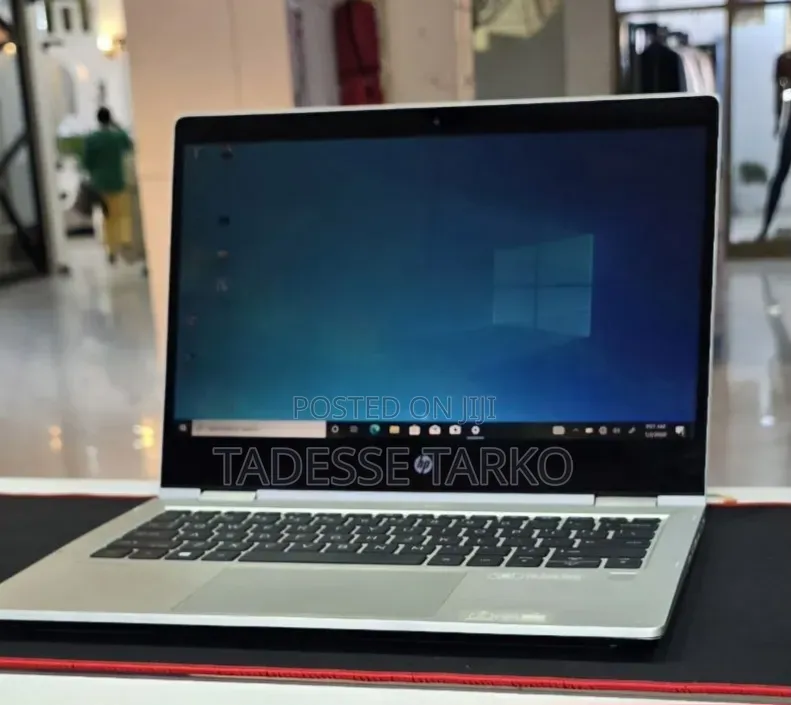 New Laptop HP ProBook x360 435 G8 16GB AMD Ryzen 7 SSD 512GB
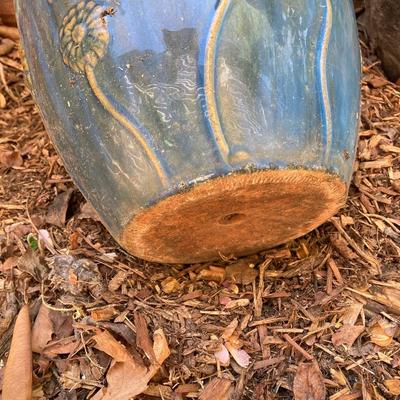 LOT 113: Assortment of Ceramic Planters
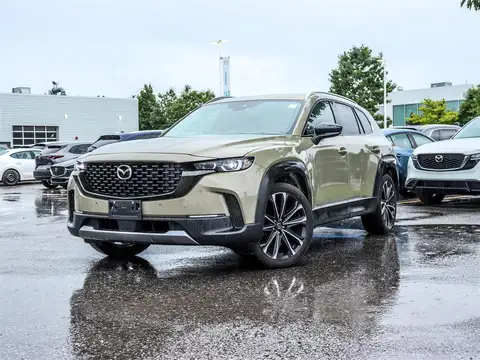 Mazda CX-50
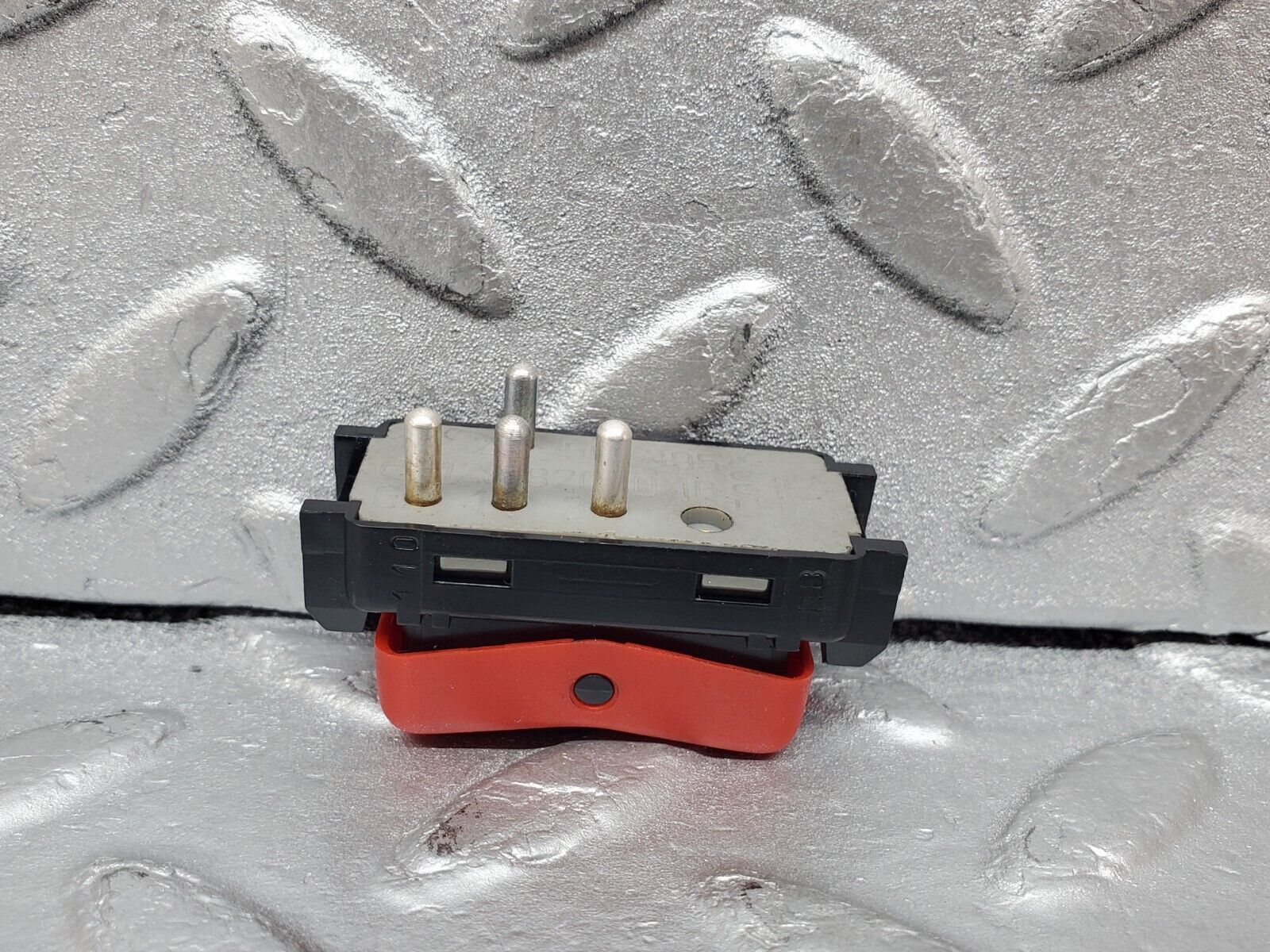 44950 Mercedes-Benz R129 300SL Coupe Hazard Light Switch 1298201010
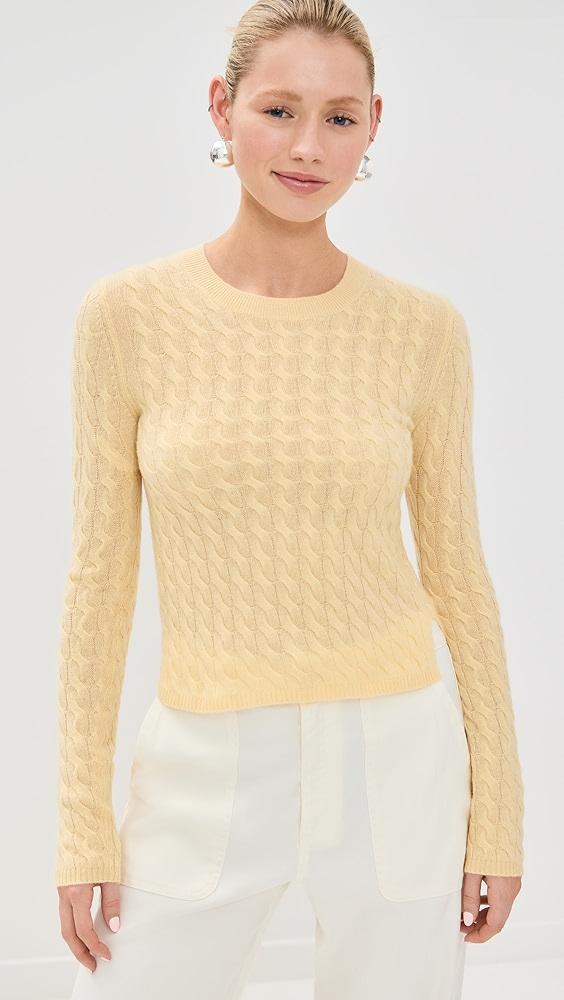 Altuzarra Milla Cashmere Sweater | Shopbop Product Image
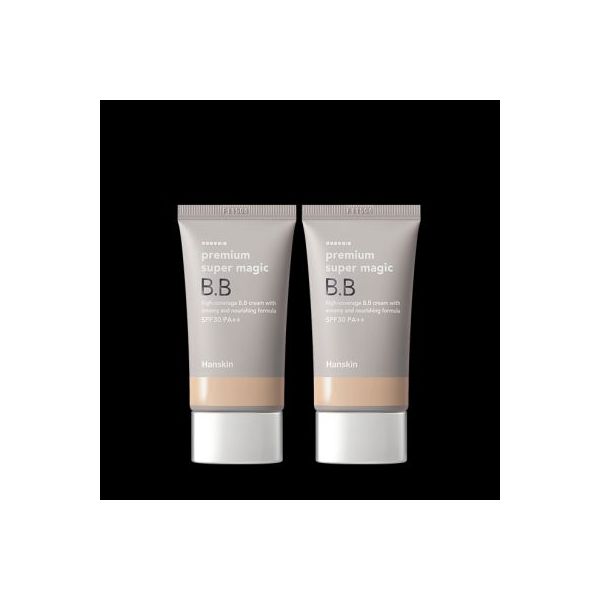 한스킨매직비비파우더팩트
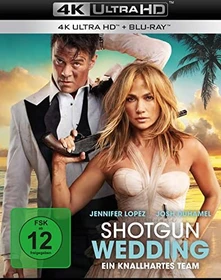 Shotgun Wedding (4K Ultra HD)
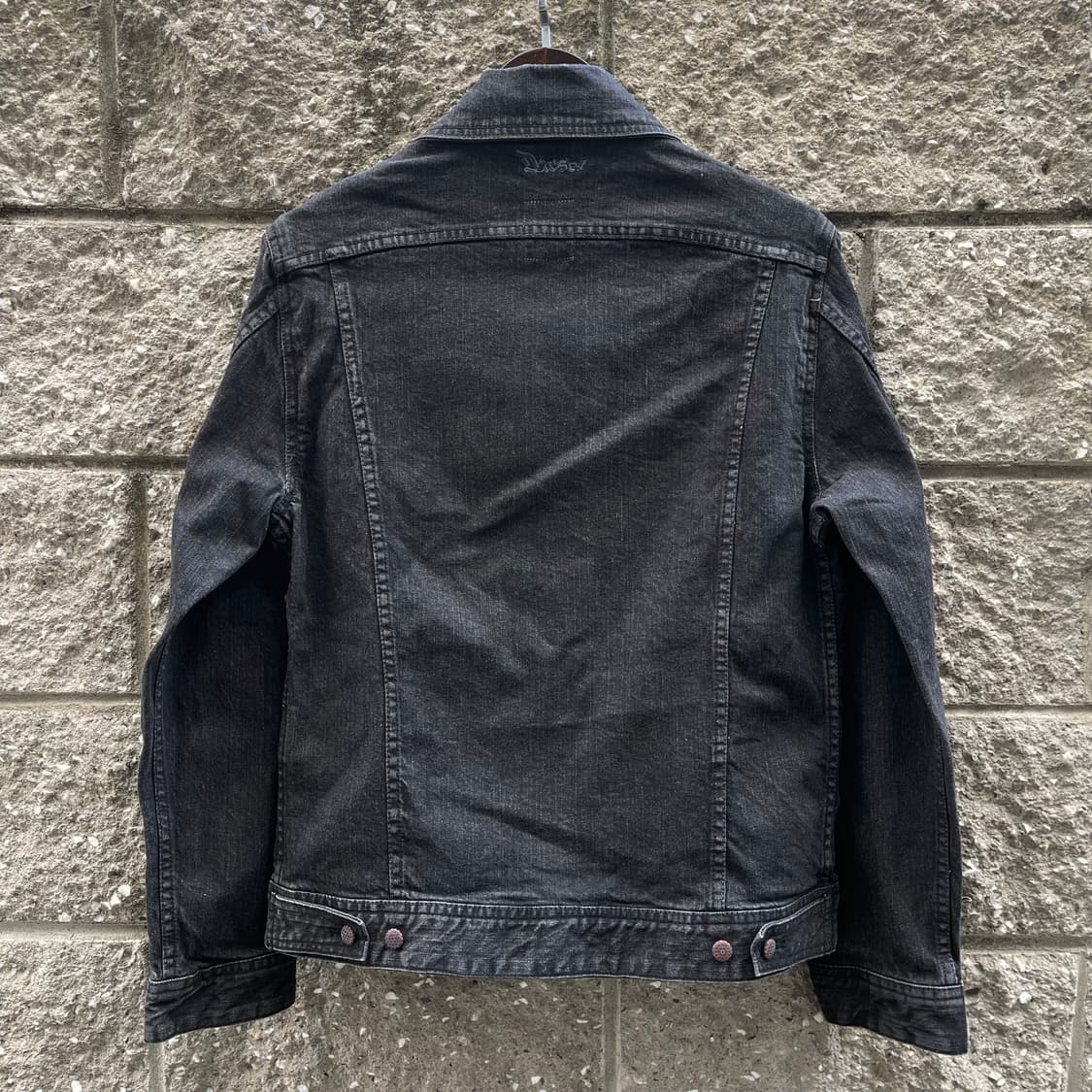 [L] 디젤 데님 자켓 상품이미지2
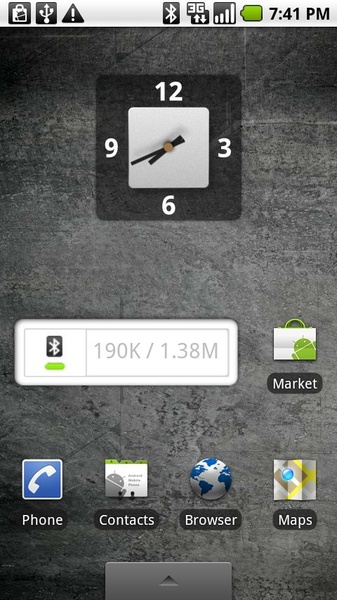PdaNet+ Screenshot 0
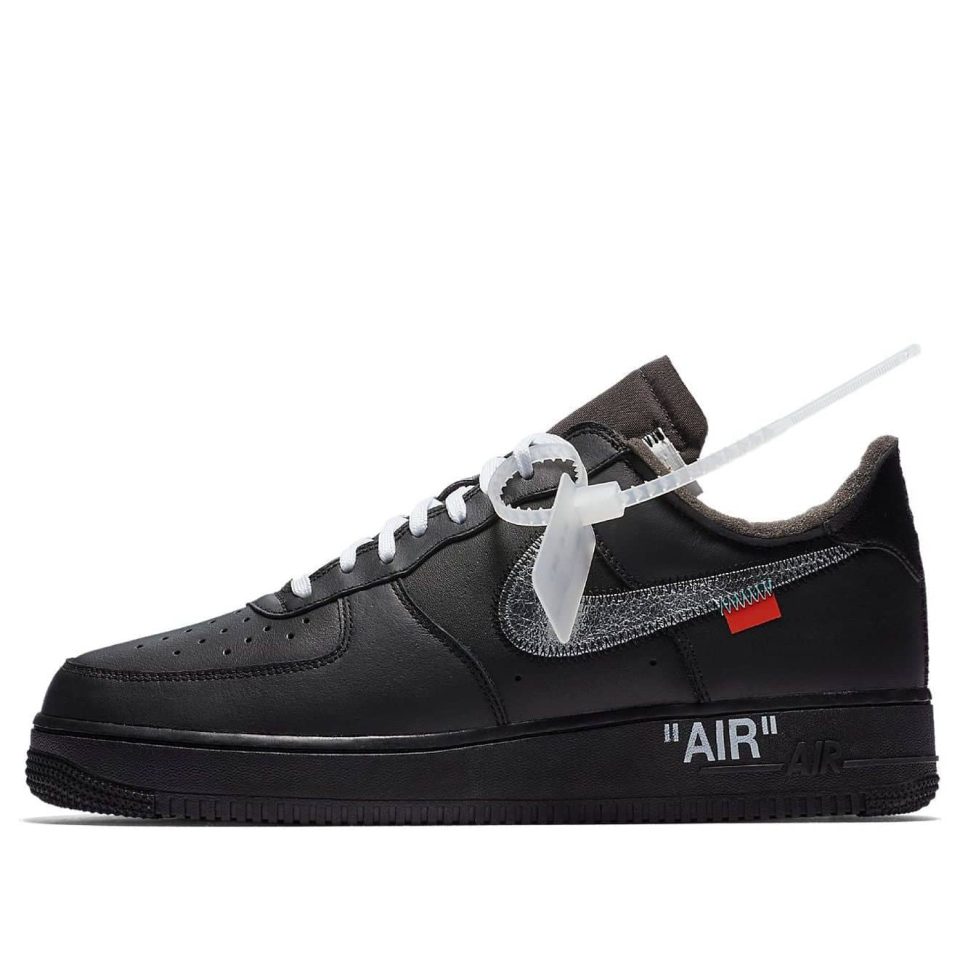Nike x Off-White Air Force 1 Low '07 'MoMA'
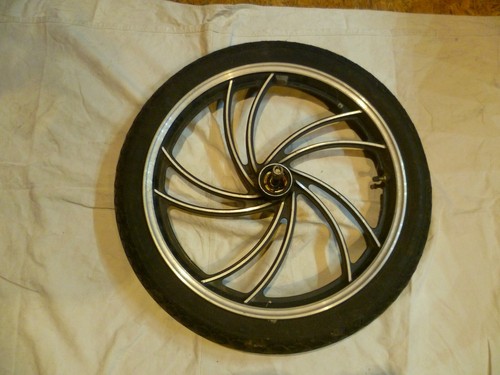 Yamaha vorderrad mit - yamaha,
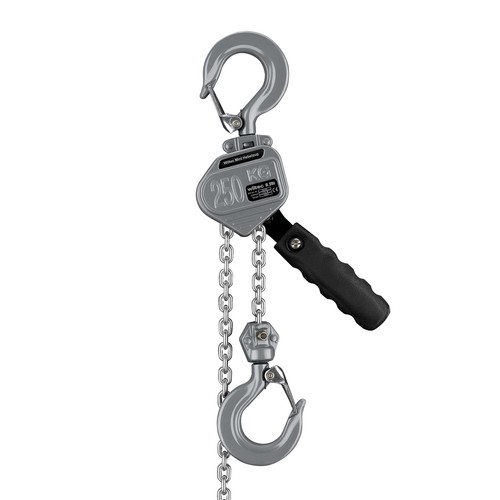 Wiltec mini paranco catena - paranco, a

Your task:
An exact transcription is needed of the lines from the one with "44950 Mercedes-Benz R129" to the one with "Yamaha vorderrad mit" above, both ends included, with pictures left out.

Problem solution:
 44950 Mercedes-Benz R129 300SL Coupe Hazard Light Switch 1298201010
 Altuzarra Milla Cashmere Sweater | Shopbop Product Image
 한스킨매직비비파우더팩트
 Shotgun Wedding (4K Ultra HD)
 [L] 디젤 데님 자켓 상품이미지2
PdaNet+ Screenshot 0
Nike x Off-White Air Force 1 Low '07 'MoMA'
 Yamaha vorderrad mit - yamaha,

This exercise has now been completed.